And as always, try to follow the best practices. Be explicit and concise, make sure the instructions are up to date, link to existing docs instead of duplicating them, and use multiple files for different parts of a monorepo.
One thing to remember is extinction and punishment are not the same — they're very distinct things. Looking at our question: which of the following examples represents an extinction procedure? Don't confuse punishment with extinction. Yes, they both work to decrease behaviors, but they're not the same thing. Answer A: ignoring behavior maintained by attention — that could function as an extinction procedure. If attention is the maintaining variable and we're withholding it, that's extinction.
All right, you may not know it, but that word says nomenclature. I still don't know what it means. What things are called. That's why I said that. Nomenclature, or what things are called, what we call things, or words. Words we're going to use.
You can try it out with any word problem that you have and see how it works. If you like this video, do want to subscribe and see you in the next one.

-------------------------

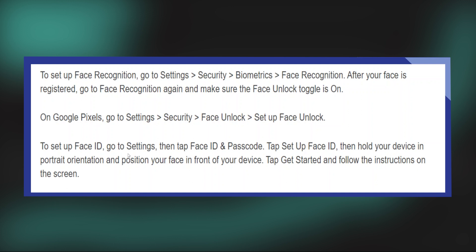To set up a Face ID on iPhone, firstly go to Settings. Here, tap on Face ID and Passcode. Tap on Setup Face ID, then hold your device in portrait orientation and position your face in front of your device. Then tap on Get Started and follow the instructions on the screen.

-------------------------

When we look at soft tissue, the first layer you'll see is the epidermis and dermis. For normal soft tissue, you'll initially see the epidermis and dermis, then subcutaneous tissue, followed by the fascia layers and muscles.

-------------------------

**Required work**
With the first line being the one containing "All right, you" and the last line the one containing "You can try", transcribe exactly the lines above that fall in that range.

**Solved exercise**
All right, you may not know it, but that word says nomenclature. I still don't know what it means. What things are called. That's why I said that. Nomenclature, or what things are called, what we call things, or words. Words we're going to use.
You can try it out with any word problem that you have and see how it works. If you like this video, do want to subscribe and see you in the next one.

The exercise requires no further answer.